TASK PROMPT
An exact copy of the entries is required, with every image omitted.

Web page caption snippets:
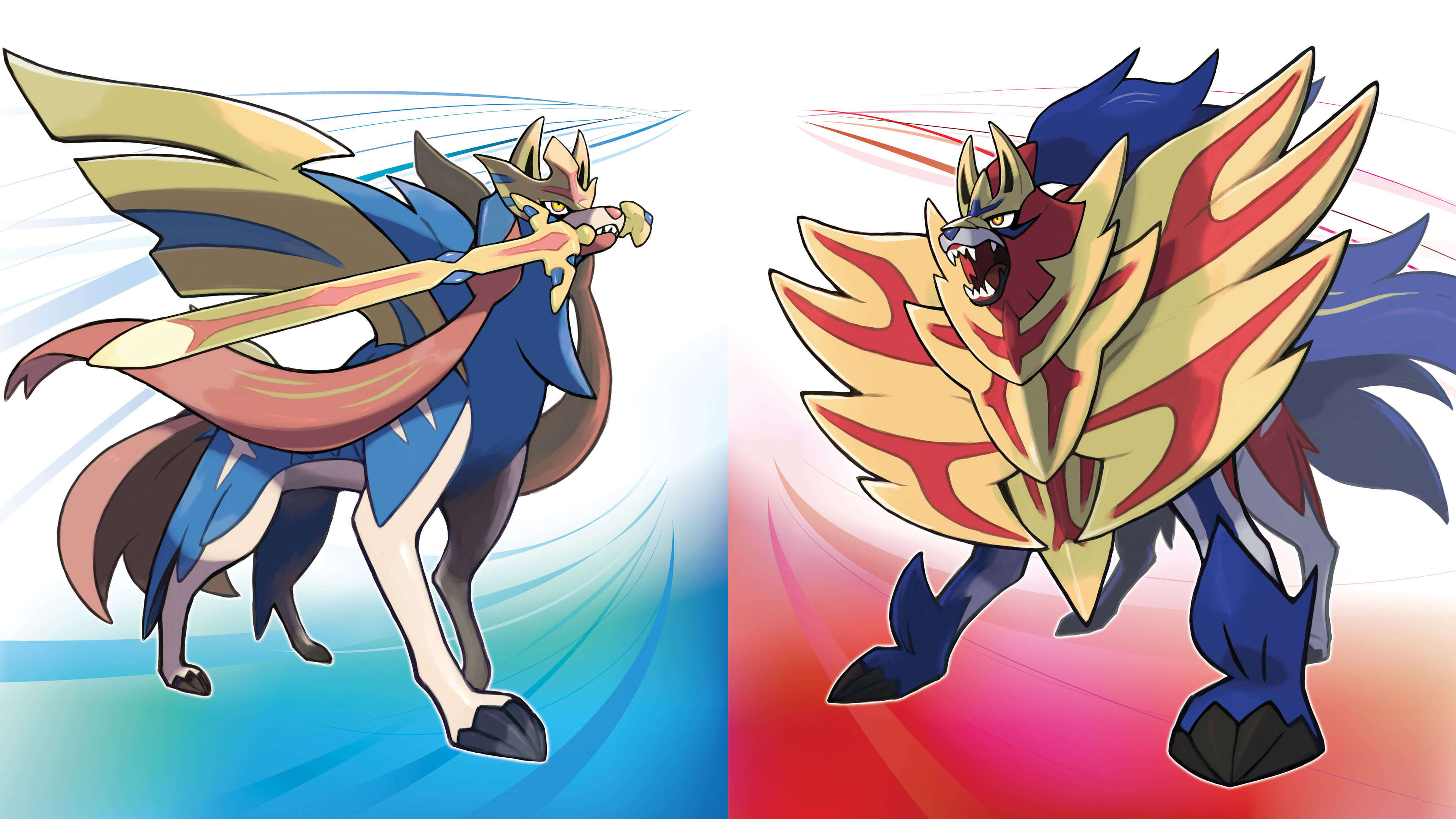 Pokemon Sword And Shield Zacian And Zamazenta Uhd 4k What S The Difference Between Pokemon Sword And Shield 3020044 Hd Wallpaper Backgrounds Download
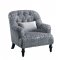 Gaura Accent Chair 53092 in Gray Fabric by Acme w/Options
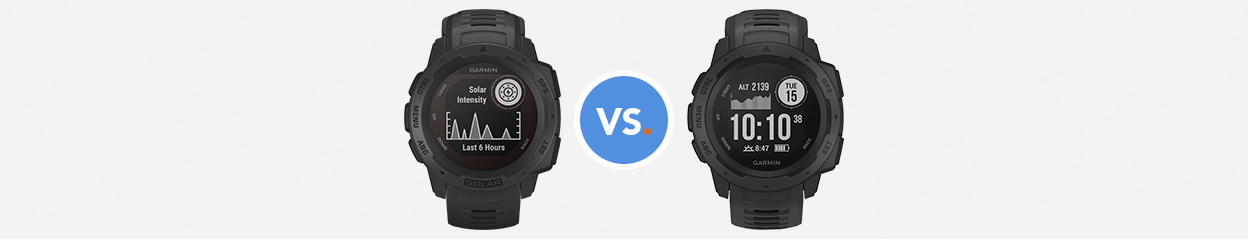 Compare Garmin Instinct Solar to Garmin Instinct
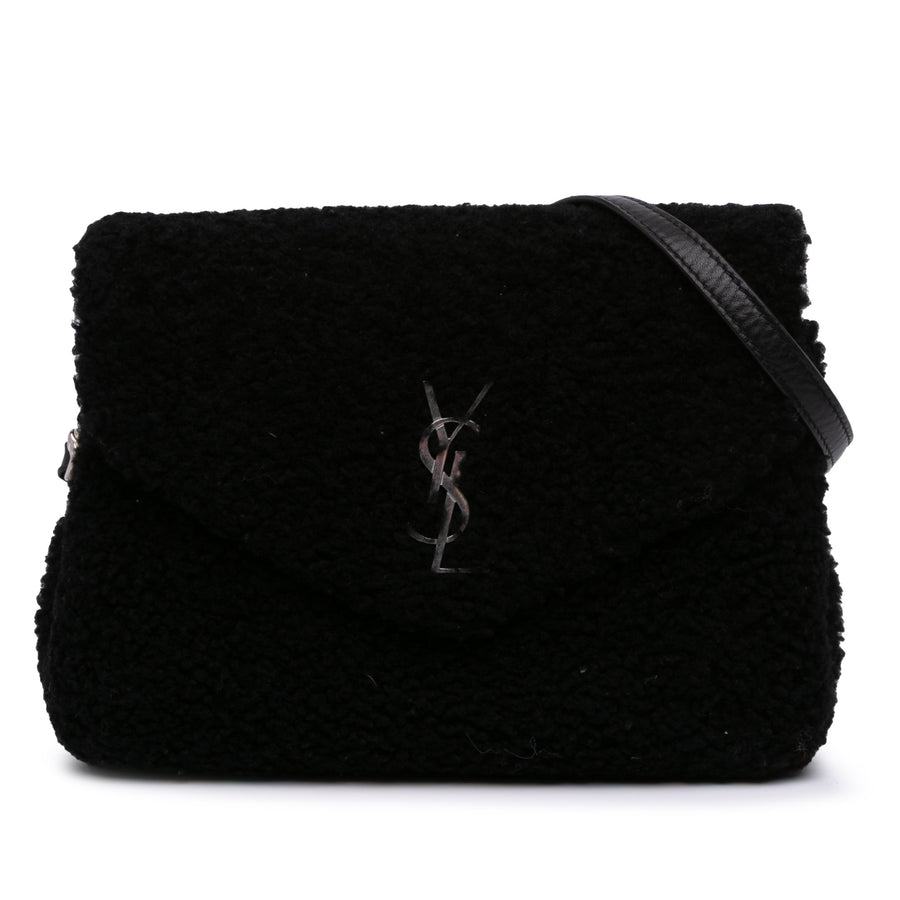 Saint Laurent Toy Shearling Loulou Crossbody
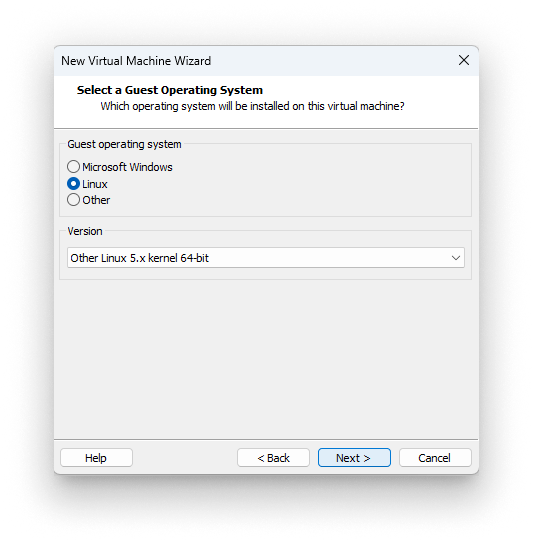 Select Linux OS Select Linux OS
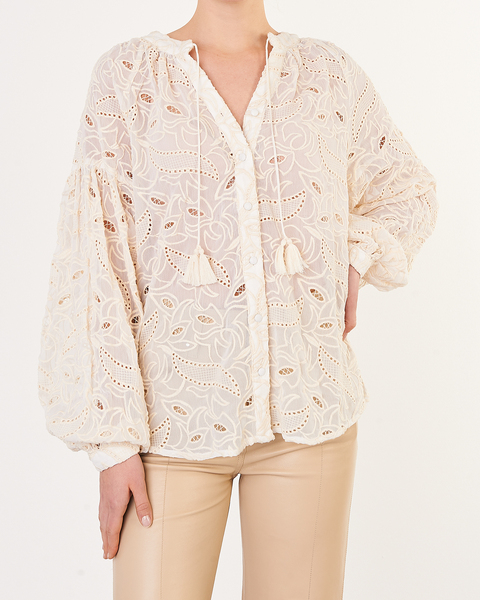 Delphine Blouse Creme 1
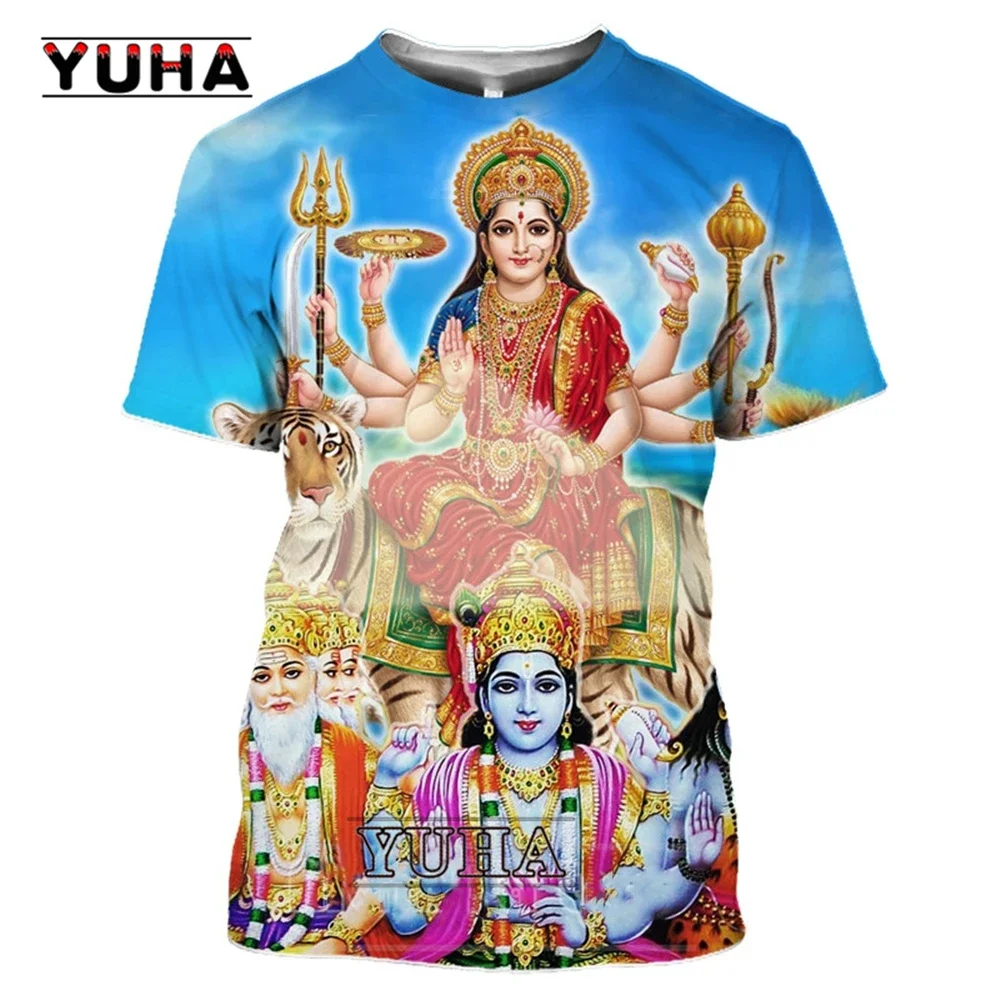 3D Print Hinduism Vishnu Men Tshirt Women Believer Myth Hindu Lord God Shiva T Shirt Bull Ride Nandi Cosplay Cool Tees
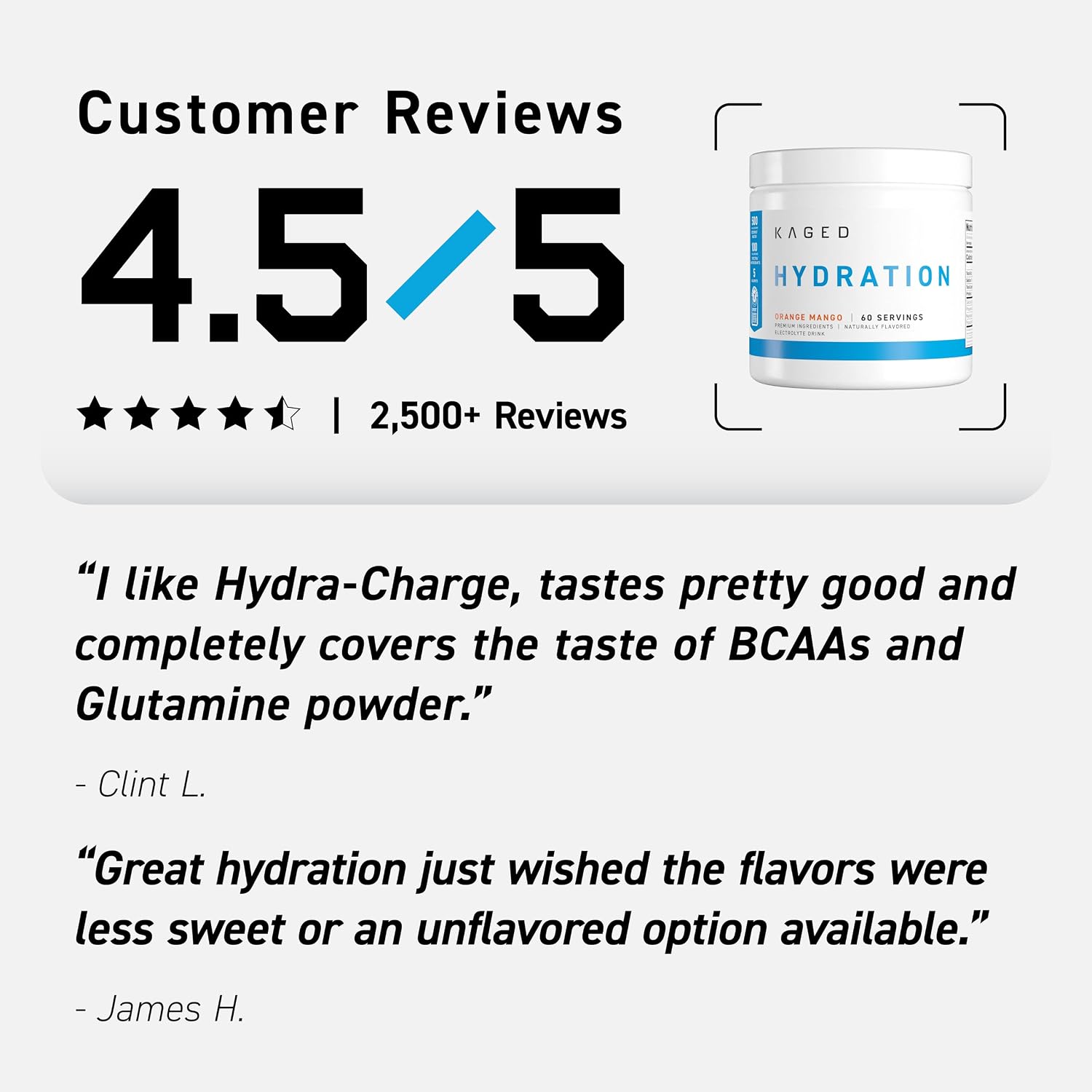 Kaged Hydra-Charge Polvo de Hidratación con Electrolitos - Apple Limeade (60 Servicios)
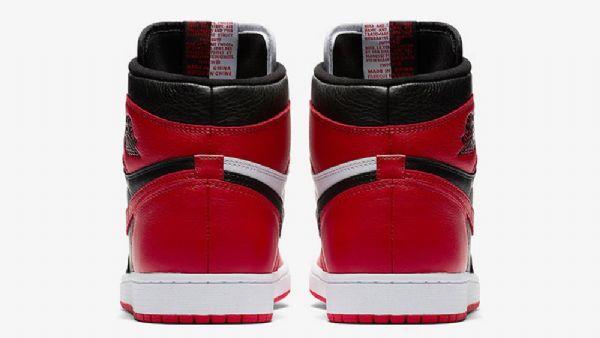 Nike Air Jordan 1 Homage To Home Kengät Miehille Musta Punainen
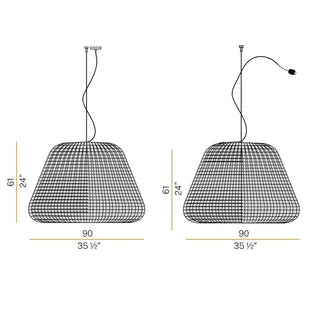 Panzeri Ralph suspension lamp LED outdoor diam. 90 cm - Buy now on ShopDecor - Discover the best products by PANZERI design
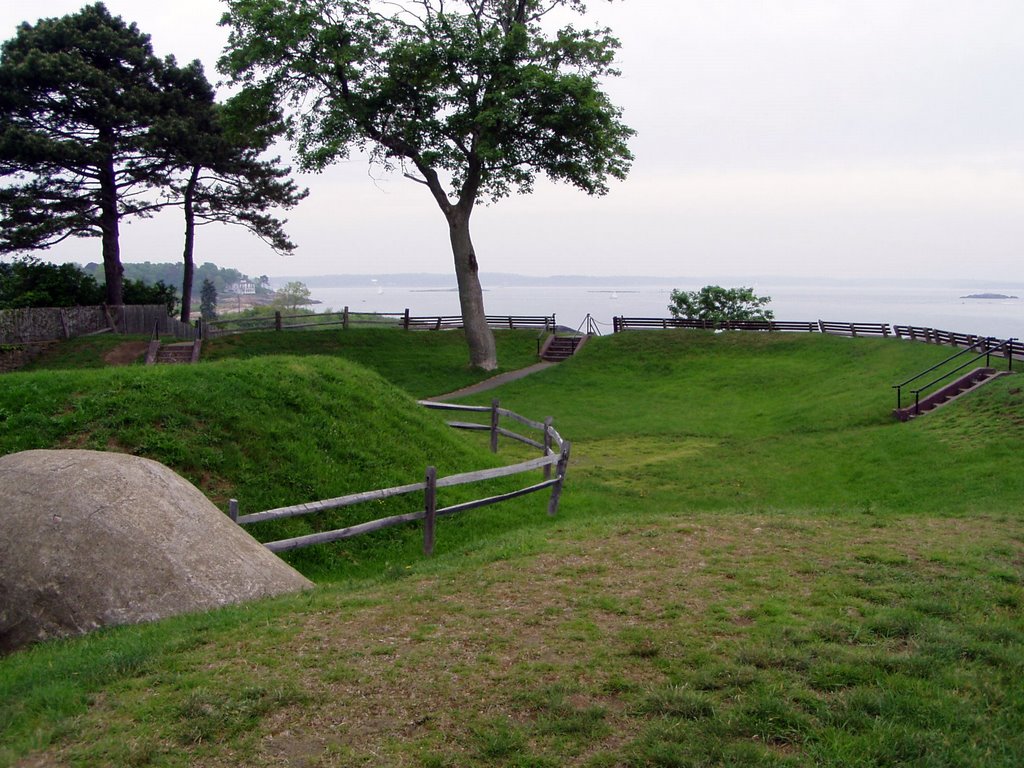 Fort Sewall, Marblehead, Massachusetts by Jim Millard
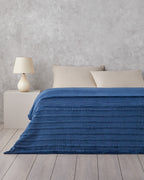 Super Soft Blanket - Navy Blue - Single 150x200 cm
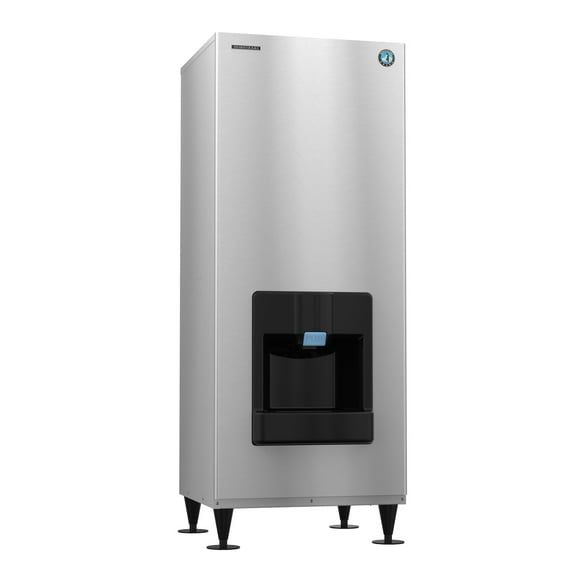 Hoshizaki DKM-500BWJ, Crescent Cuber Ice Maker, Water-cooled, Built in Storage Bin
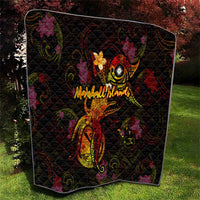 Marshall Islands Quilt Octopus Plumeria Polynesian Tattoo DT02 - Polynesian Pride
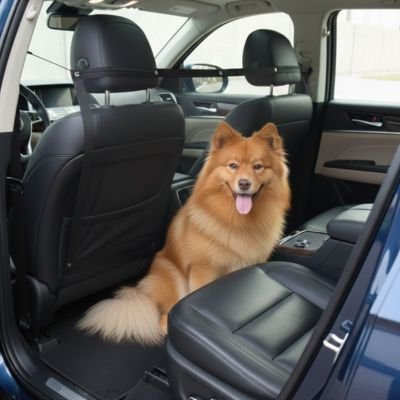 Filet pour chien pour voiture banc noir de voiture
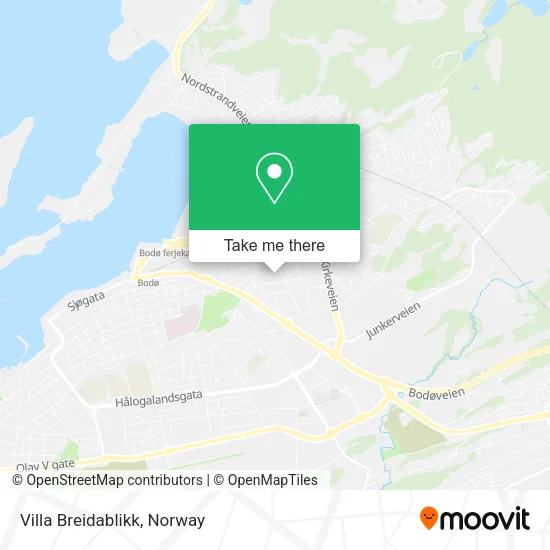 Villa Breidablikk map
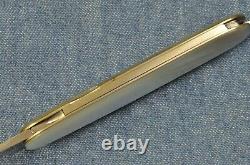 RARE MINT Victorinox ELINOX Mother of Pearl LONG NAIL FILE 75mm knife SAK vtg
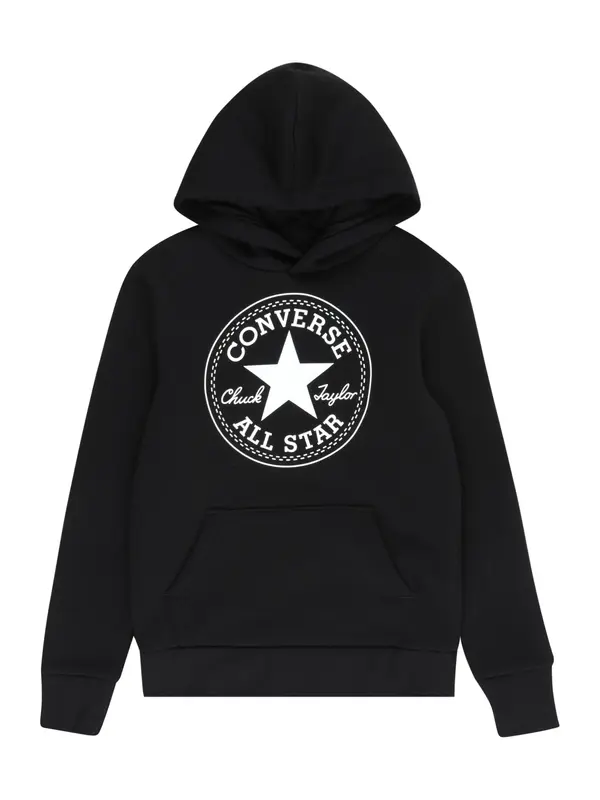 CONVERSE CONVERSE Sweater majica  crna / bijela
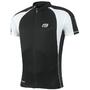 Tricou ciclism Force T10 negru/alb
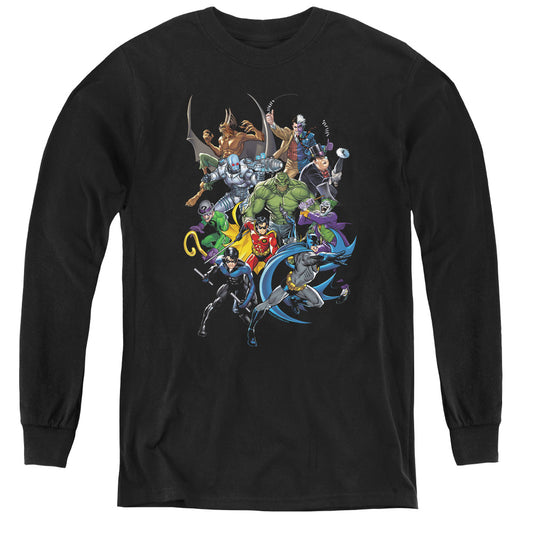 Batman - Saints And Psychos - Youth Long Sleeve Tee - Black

RESULT BELOW
 Pokemon Sword And Shield Zacian And Zamazenta Uhd 4k What S The Difference Between Pokemon Sword And Shield 3020044 Hd Wallpaper Backgrounds Download
 Gaura Accent Chair 53092 in Gray Fabric by Acme w/Options
 Compare Garmin Instinct Solar to Garmin Instinct
 Saint Laurent Toy Shearling Loulou Crossbody
 Select Linux OS Select Linux OS
 Delphine Blouse Creme 1
 3D Print Hinduism Vishnu Men Tshirt Women Believer Myth Hindu Lord God Shiva T Shirt Bull Ride Nandi Cosplay Cool Tees
 Kaged Hydra-Charge Polvo de Hidratación con Electrolitos - Apple Limeade (60 Servicios)
 Nike Air Jordan 1 Homage To Home Kengät Miehille Musta Punainen
 Panzeri Ralph suspension lamp LED outdoor diam. 90 cm - Buy now on ShopDecor - Discover the best products by PANZERI design
 Fort Sewall, Marblehead, Massachusetts by Jim Millard
 Super Soft Blanket - Navy Blue - Single 150x200 cm
 Hoshizaki DKM-500BWJ, Crescent Cuber Ice Maker, Water-cooled, Built in Storage Bin
 Marshall Islands Quilt Octopus Plumeria Polynesian Tattoo DT02 - Polynesian Pride
 Filet pour chien pour voiture banc noir de voiture
 Villa Breidablikk map
 RARE MINT Victorinox ELINOX Mother of Pearl LONG NAIL FILE 75mm knife SAK vtg
 CONVERSE CONVERSE Sweater majica  crna / bijela
 Tricou ciclism Force T10 negru/alb
 Batman - Saints And Psychos - Youth Long Sleeve Tee - Black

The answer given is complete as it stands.